Steinman Foundation Grant Enables Students to Connect with Community

  • Susan Dicklitch, professor of government and director of the Ware Institute for Civic Engagement, discusses what it means to be a good citizen with members of her 400-level “Citizenship” course, a community-based learning course that examines the concept and practice of citizenship. (Photo by Eric Forberger) Susan Dicklitch, professor of government and director of the Ware Institute for Civic Engagement, discusses what it means to be a good citizen with members of her 400-level “Citizenship” course, a community-based learning course that examines the concept and practice of citizenship. (Photo by Eric Forberger)


Franklin & Marshall students are creating new knowledge in classrooms and laboratories throughout campus, and thanks to the support of the James Hale Steinman Foundation, some are also tackling social issues that affect the Lancaster community.

In July, the College received a two-year, $100,000 grant from the Steinman Foundation to create F&M Works in Lancaster, a pilot program that funds paid student internships with local nonprofit organizations at no cost to the organizations.

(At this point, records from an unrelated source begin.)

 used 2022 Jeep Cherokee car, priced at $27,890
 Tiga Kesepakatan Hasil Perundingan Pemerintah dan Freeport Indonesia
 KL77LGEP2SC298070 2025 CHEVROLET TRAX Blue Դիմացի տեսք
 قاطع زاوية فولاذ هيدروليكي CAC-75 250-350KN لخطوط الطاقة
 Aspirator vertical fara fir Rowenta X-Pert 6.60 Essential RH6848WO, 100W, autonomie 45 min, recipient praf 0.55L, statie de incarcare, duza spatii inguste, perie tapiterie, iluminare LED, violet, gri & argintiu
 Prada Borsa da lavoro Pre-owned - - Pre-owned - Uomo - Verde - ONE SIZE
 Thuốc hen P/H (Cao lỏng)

Created by F&M’s Ware Institute for Civic Engagement, the initiative formally launched Sept. 17, when 20 students began 24-week Steinman Internships in the fields of business development, communications, public health, refugee resettlement, social services and education. The grant will support 40 internships for F&M students in the 2013-14 academic year.

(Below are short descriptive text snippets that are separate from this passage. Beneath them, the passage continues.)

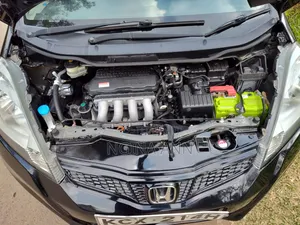Honda Fit 2012 Black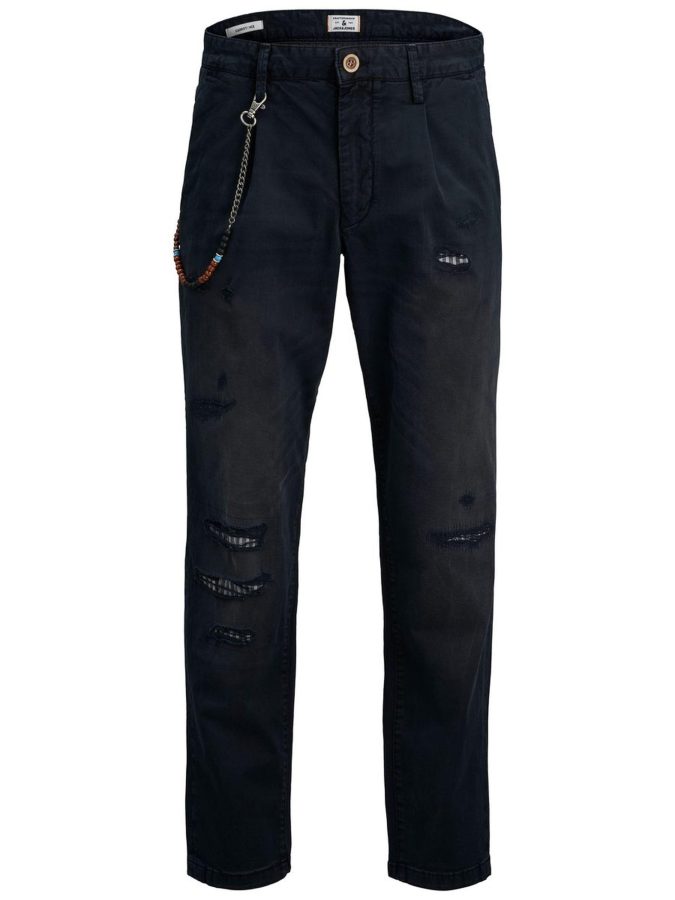 JACK & JONES - PANTALONE JJIACE  JJMILTON JOS 420 - BLU - 12151676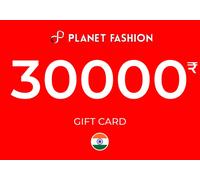 Planet Fashion Gift Card 30000 INR Key - INDIA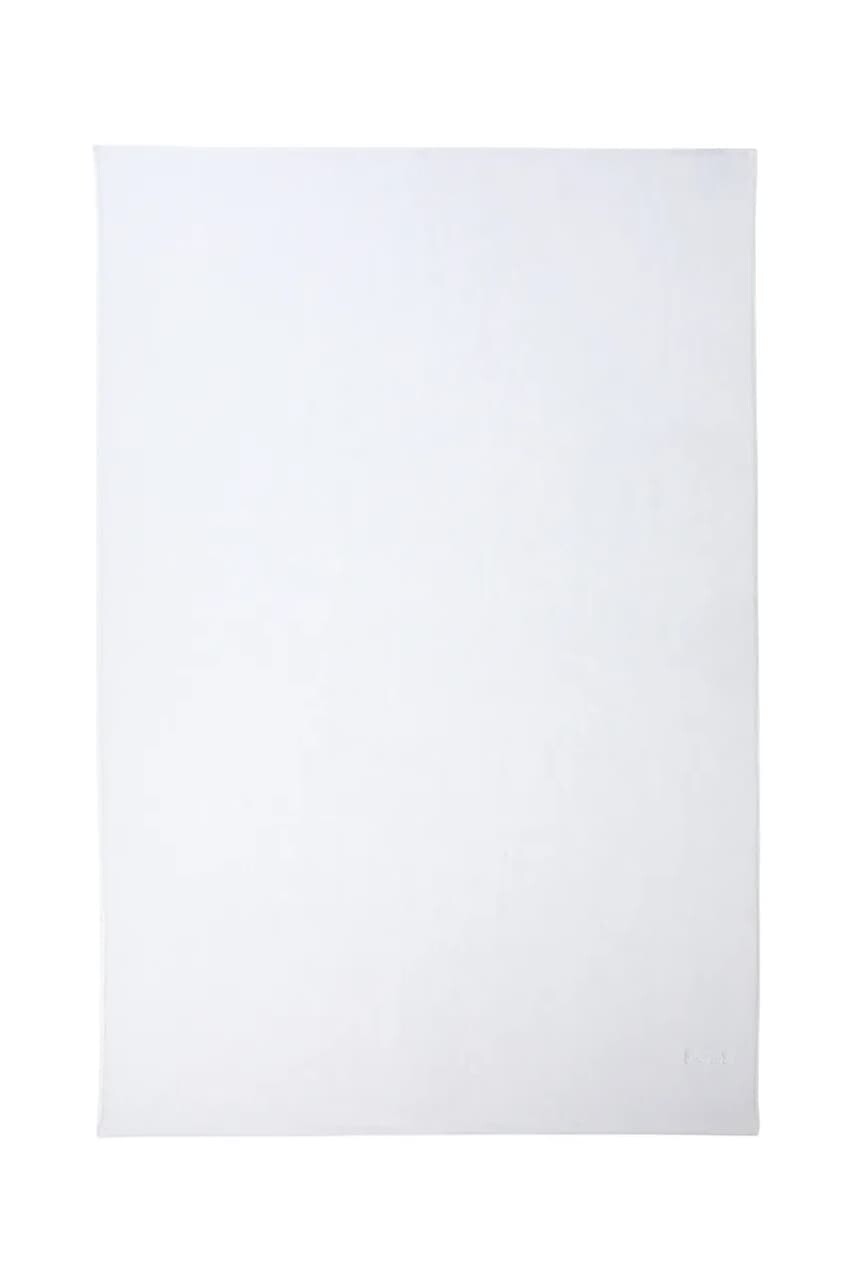 Veľký bavlnený uterák BOSS EDGE White 100 x 150 cm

The Ware Institute collaborated with F&M’s Office of the President, Office of Student and Post-Graduate Development, Office of Financial Aid and other groups on campus to develop the program over the summer.

A wide range of local organizations submitted requests to participate in the program, including Lancaster General Health, Church World Service, Community First Fund, Domestic Violence Services and the School District of Lancaster.

F&M Works in Lancaster is ideal for students who have been awarded work-study as part of their financial aid package at F&M, but all sophomores, juniors and seniors are eligible to apply, said Susan Dicklitch, professor of government and director of the Ware Institute. Federal work-study funds will cover a portion of the cost of the program for those on financial aid.

“F&M Works in Lancaster was developed with a focus on a sustainable, long-term engagement between F&M and the Lancaster community,” Dicklitch said. “The program is perfect for students who want to engage in meaningful work that adds a real-world dimension to their classroom learning and helps them prepare for life after college.”


The Ware Institute, which launched in 2000, recruits and serves hundreds of F&M students interested in community-based learning, K-12 tutoring or teaching, and community service. More than 75 percent of F&M students engage in some type of community service during their undergraduate years, and the Ware Institute sponsors or coordinates the majority of those opportunities.